Polymorphism in Elixir part-1

In today’s post, we’re going to explore the concept of protocols in depth. Unlike object-oriented applications, where inheritance is a key architectural element, functional applications, such as those built with Elixir and Erlang, don’t rely on inheritance in the same way. This is because the Elixir and Erlang runtime environments don’t incorporate the concept of inheritance into their data structures. However, this doesn’t mean they lack advanced concepts altogether.

Polymorphism in Other Languages

Object-oriented languages provide you with multiple inheritance or interfaces, allowing you to declare that objects belonging to multiple different classes, and all respond to the same method calls even doe underlying data are completely different.

// Ruby
class Truck < Vehicle

// Java
public class Truck implements Drivable

Polymorphism in Elixir

Elixir has several mechanisms that allow us to write expressive and intuitive code. One of them is Protocol.
Protocols are a mechanism to achieve polymorphism in Elixir. Creating an Protocol allows us to create our own implementation for our own data.
This way a function could accept any data type that implemented a particular protocol, and it would be able to work with that data type.
Good part is that it would not have to know anything else about that data type, allowing different data types to put their own spin on a piece of functionality.

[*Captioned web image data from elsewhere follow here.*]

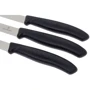 Набор кухонных ножей Victorinox SwissClassic Paring Set 3 пр. (6.7113.3): Количество предметов 3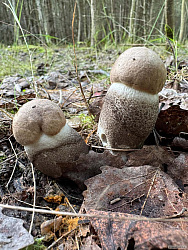 kliknutím fotku zvětšíte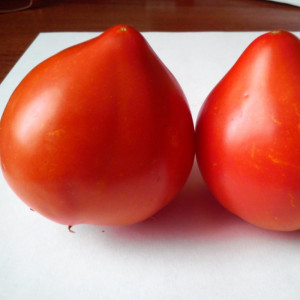 Rosii Prekos F1 (250 seminte) hibrid semideterminat, tomate tari, foarte dulci, Geosem Select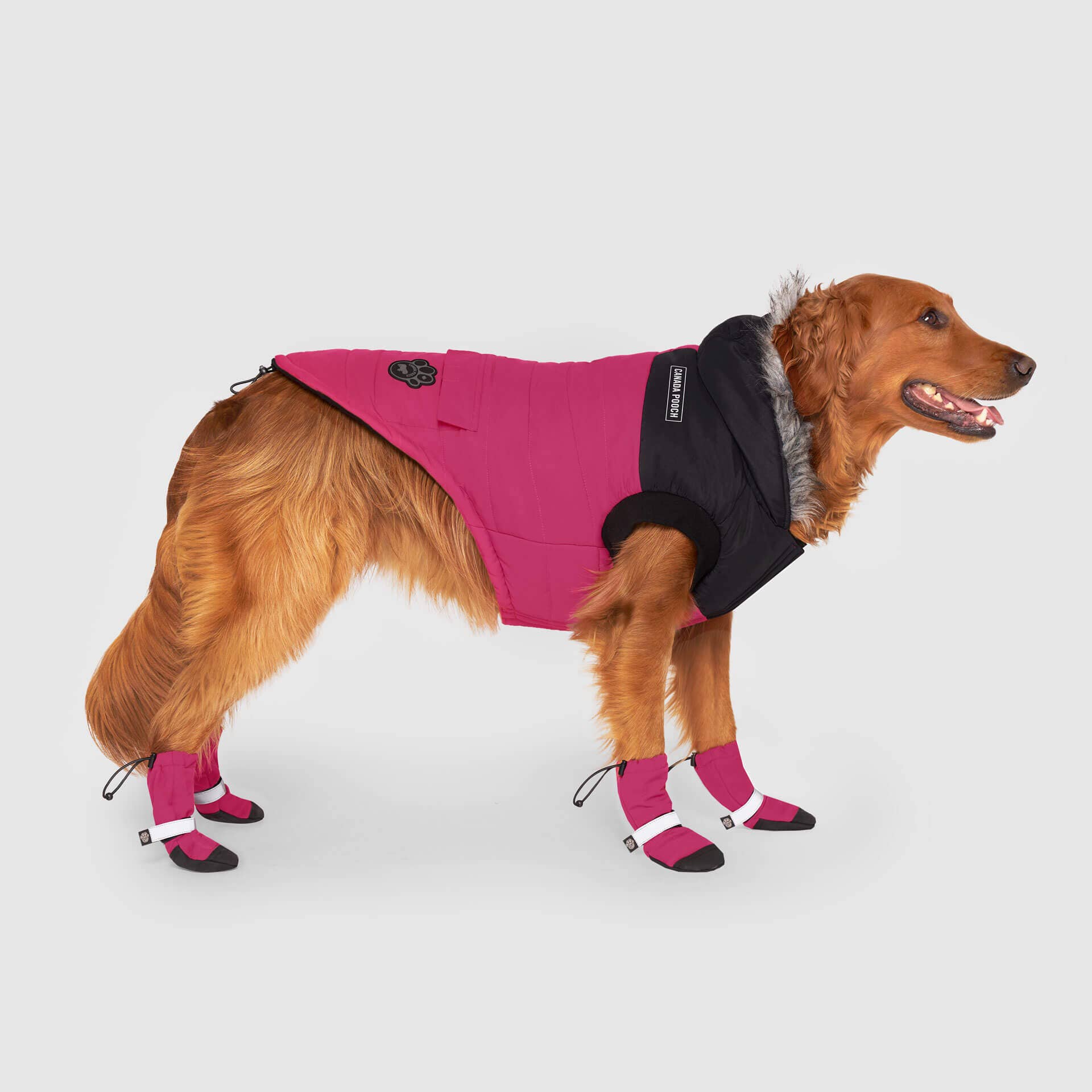 Canada Pooch - Vendita all'ingrosso Cappotto - Cani - Parka invernale True North per cani10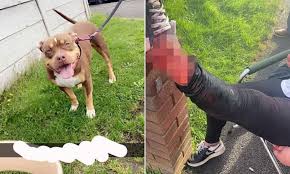 XL Bully Dog Breaks Into Home and Launches Vicious Attack on Mother and Her French Bulldog in Mountsorrel, Leicestershire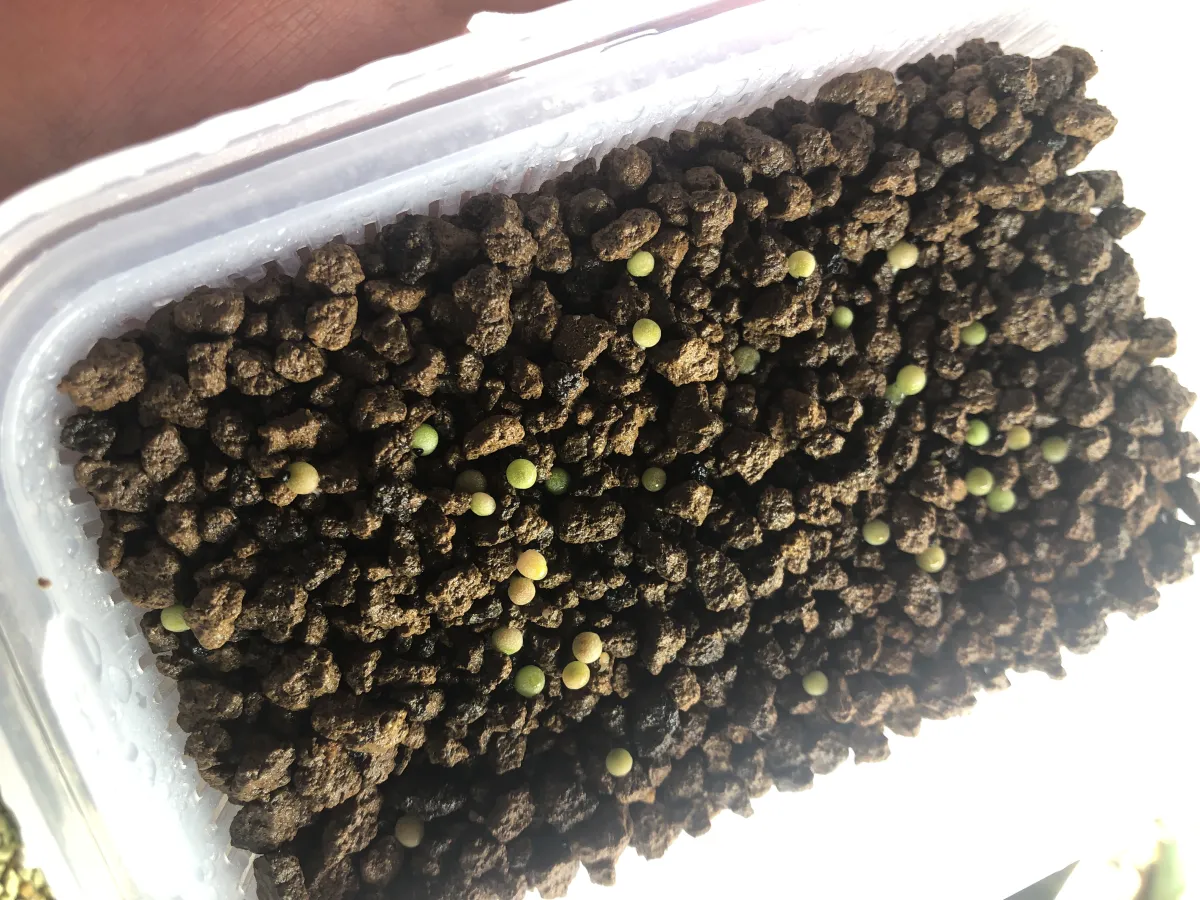 Lophophora fricii (ロフォフォラ 疣銀冠玉)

One of the most popular protocols in 3rd party libraries comes from the Json library, which encodes and decodes JSON data. In library sorce we can find protocal called Json Encoder. It defines single function encode with no definition.

defprotocol JSON.Encoder do
 @moduledoc "..."

 @type t :: term
 @type opts :: Json.Encode.opts()

 @fallback_to_any true

 @doc "..."
 @spec encode(t, opts) :: iodata
 def encode(value, opts)
end

When the Protocol is implemented, other parts of library can call encode() and it will encode that data to JSON.

JSON.Encoder.encode() # <- pass in any data (string, integers, maps, list etc..)

You may be wondering what is the point of this formality if we could write a function with multiple function heads that’s matches that type of data, like

def encode(value) when is_atom(value) do
 ...
end

def encode(value) when is_binary(value) do
 ...
end

def encode(value) when is_integer(value) do
 ...
end

after all, we have guard classes for most data types in Elixir, the goal is extensibility.

Having to implement a protocol for all types may quickly become monotonous and exhausting. You can define fallback behavior for types that don’t implement your protocol by implementing the protocol for Any. Let’s have a look in Json.Encode default implementation.

defimpl JSON.Encoder, for: Any do
  @moduledoc """
  Falllback module for encoding any other values
  """

  @doc """
  Encodes a map into a JSON object
  """
  def encode(%{} = struct) do
    ...
  end

  def encode(x) do
    ...
  end
end

Protocol Structuring

When it comes to organizing protocols, practices vary. Some developers prefer to keep the protocol in its own separate file, while others choose to include it within the same file as another module. My preferred approach is to maintain a dedicated directory, lib/protocols/, for storing actual protocol definitions. The organization within this directory generally follows the standard pattern, except that it skips the first layer of the namespace. For example, if my protocol is named Foo.Bar, I would place it in lib/protocols/bar.ex. In this directory, I also include the defimpl for all native and foreign data types.

As for the protocol implementation, I believe it should be kept as close to the data layer as possible. This means implementing the protocol in the files that define the struct. This approach helps in maintaining a clear and logical structure, ensuring that the protocol implementations are directly associated with the relevant data types.

defmodule Foo.Struct do
  defstruct some_field: 0

  defimpl Foo.Bar do
    # actual implementation
  end
end

Since, in the first part of this two-part series, we focused more on the theoretical part related to protocols, in the next part, we will focus more on the practical part and actually, see how the protocols work in reality and how we can implement them.